05-29-2015 09:32 AM
Is there a way to use SAS to compare entries in two excel files and look for mismatches? The mismatches would appear as a new row of data. These would be for entries added later after my original excel extract at the end of each month. It takes about an additional month for the books to officially close for each month, and I want to make sure there were no additions after my original extract. Thanks for your help!
05-29-2015 09:42 AM
Firstly, why use Excel for the data at all? Data should be stored in a database or datawarehouse, that is what those applications are built for. Excel is not built for this (or pretty much anything else).
If however you absolutely have to have Excel files, then why not use VBA which is built into Excel.
If you are still instisting on doing thing the hard way, then you would need to import each datafile - i.e. write a datastep import for each. Then you could run a proc compare, or data merge, then output the result to Excel again.

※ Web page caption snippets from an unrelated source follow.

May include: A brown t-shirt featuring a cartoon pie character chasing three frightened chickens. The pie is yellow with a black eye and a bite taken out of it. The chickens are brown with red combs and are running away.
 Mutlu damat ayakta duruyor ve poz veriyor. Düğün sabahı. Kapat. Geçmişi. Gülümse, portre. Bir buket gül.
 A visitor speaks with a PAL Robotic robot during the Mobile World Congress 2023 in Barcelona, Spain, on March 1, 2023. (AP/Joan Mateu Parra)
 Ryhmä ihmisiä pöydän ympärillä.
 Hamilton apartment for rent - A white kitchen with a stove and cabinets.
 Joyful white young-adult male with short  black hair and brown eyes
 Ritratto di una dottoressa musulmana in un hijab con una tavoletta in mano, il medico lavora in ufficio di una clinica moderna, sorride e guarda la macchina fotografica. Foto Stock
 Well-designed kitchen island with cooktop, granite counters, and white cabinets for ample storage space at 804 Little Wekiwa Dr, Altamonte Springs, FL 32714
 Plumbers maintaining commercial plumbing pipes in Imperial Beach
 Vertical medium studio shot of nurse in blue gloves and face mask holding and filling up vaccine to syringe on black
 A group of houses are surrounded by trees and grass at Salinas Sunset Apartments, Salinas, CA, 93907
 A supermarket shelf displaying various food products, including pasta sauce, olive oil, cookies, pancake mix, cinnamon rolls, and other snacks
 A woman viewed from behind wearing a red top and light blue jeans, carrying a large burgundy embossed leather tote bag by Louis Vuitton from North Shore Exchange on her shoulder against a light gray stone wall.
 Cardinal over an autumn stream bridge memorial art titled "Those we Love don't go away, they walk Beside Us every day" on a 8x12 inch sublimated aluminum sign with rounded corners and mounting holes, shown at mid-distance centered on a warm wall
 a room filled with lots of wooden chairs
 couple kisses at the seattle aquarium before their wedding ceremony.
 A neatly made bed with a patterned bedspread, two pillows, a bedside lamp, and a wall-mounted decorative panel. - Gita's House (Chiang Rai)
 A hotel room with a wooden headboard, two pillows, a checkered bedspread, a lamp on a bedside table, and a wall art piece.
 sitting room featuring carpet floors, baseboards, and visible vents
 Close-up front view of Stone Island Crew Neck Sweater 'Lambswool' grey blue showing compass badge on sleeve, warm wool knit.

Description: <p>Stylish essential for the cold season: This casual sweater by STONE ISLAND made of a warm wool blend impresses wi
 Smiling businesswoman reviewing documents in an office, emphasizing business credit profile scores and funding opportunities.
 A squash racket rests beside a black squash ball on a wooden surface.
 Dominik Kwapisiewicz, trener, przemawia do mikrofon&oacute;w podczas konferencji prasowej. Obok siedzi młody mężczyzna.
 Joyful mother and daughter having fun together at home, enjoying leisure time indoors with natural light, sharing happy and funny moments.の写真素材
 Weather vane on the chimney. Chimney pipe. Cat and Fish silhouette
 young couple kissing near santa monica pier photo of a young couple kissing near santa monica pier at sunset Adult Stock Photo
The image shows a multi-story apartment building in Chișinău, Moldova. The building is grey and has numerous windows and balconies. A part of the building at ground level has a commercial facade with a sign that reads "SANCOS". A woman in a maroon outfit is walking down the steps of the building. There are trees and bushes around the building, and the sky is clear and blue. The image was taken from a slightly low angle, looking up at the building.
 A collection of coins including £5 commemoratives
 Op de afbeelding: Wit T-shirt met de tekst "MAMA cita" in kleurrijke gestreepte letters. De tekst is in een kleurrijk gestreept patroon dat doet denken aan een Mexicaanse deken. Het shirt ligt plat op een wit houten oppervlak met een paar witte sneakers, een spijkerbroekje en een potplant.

Seriously though, if you do things correctly and use a database, then the audit trail from the database will tell you what has changed, all the above is just additional work for no gain. There are also Excel file compare programs available for free online.
05-29-2015 12:45 PM
Thanks. I imported my two files and used proc compare. How do I export the observations that are different? There is a warning message in my log that correctly states there are 156 observations in one data set but not the other. I cannot figure out how to export these 156 observations.
05-29-2015 01:20 PM
The proc compare has many options: https://support.sas.com/documentation/cdl/en/proc/61895/HTML/default/viewer.htm#a002473377.htm
One of those is to create an output dataset with differences. You can then export that dataset.
From my side though I would find it easier to identify id variables, then merge the two datasets by those variables. Then output the results.
05-29-2015 04:24 PM
I would like to be able to export only those rows of data that are in the new file but not the old. Maybe this is not possible. I'm new to this and am not sure what I'm doing so thanks for your patience.
proc compare base=old compare=new outdif out=result;
I'm not for sure exactly what my table named result is showing me, but it's definitely not the new rows of data.
05-29-2015 05:02 PM
Proc compare basically does a row by row comparison. If the two sets are in a different order then then you get lots of differences.
To effectively use Proc compare for what I think you are doing you may need to sort both datasets by the same variables. If there isn't an obvious set of variables that will uniquely identify a record, this may mean sorting by practically every variable in the data.
Or possibly this might work:
create table want as
select * from table2
select * from table1;
Where table2 is the set name of the new file. If the variables differ, not of the same type with the same name or different numbers of variables this may not work though.